WHAT IS REQUIRED
A word-for-word reproduction of the data below is needed, with no pictures in it.

[DATA EXTRACT — start]

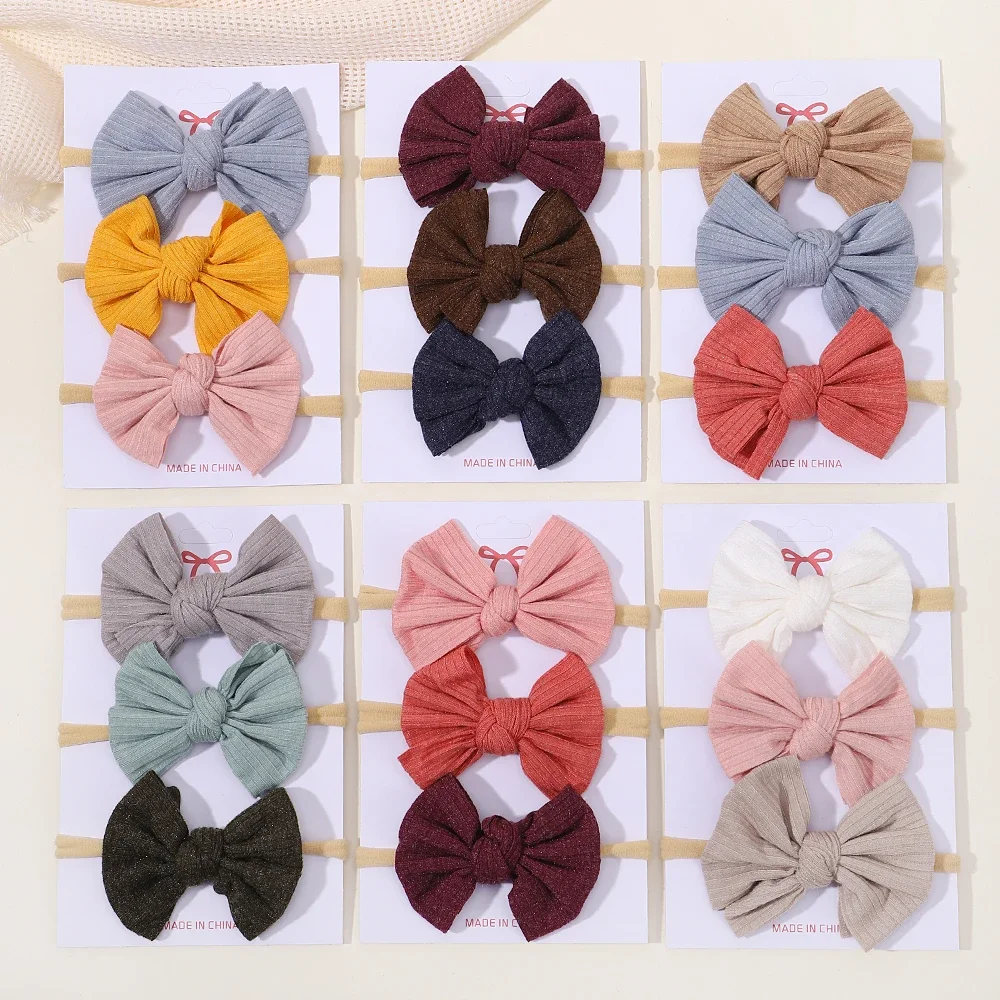 3/4Pcs/Set Soft Print Bows Headband for Kids Girls Newborn Baby Headband Nylon Elastic Hair Band Headwear Hair Accessories Gift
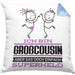Großcousin Geschenk Kissen mit Füllung 40x40 Ich Bin Großcousin Aber Sag Doch Einfach Superheld Lustige Geschenkdiee für Großcousin (Grau) Blau Trendation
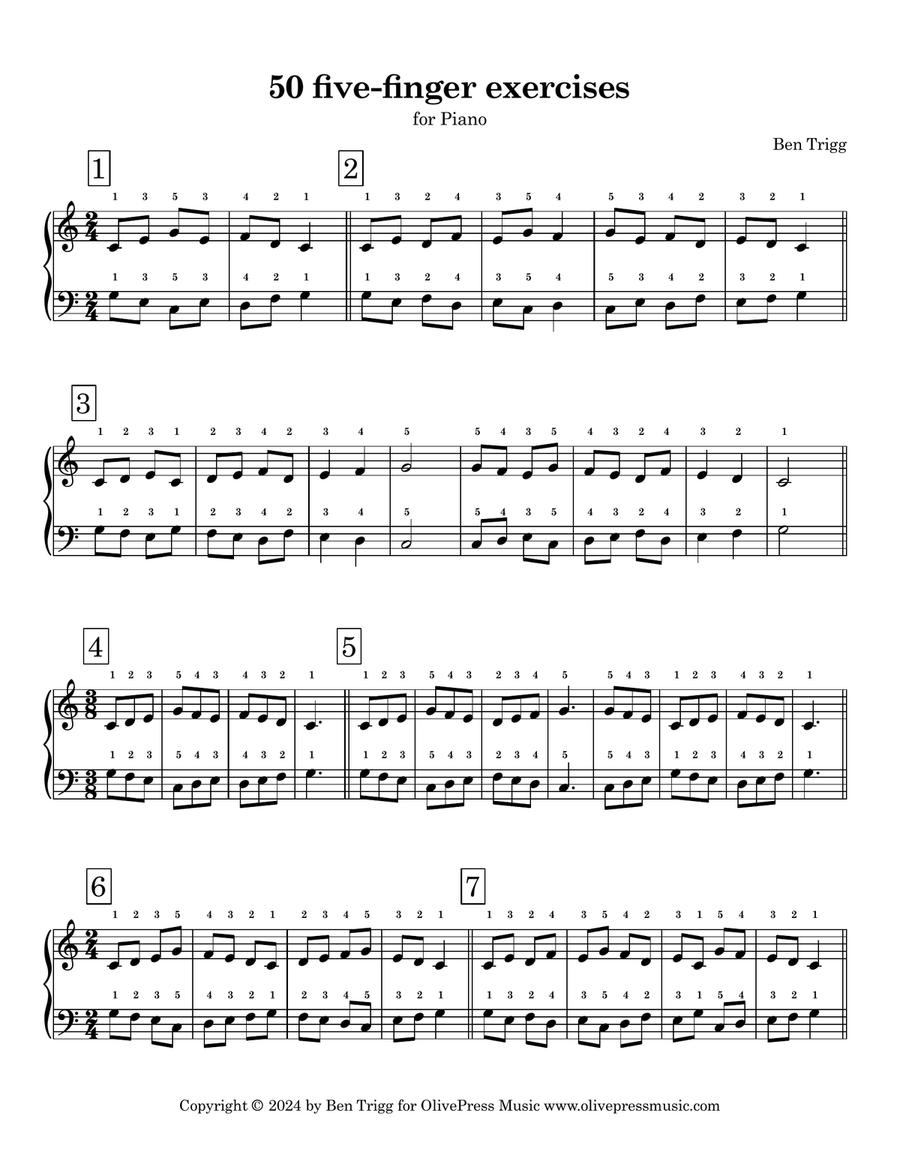 50 Five-finger exercises for Piano Piano Method scores gallery preview page 4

[DATA EXTRACT — finish]

COMPLETED EXERCISE
 3/4Pcs/Set Soft Print Bows Headband for Kids Girls Newborn Baby Headband Nylon Elastic Hair Band Headwear Hair Accessories Gift
Großcousin Geschenk Kissen mit Füllung 40x40 Ich Bin Großcousin Aber Sag Doch Einfach Superheld Lustige Geschenkdiee für Großcousin (Grau) Blau Trendation
 50 Five-finger exercises for Piano Piano Method scores gallery preview page 4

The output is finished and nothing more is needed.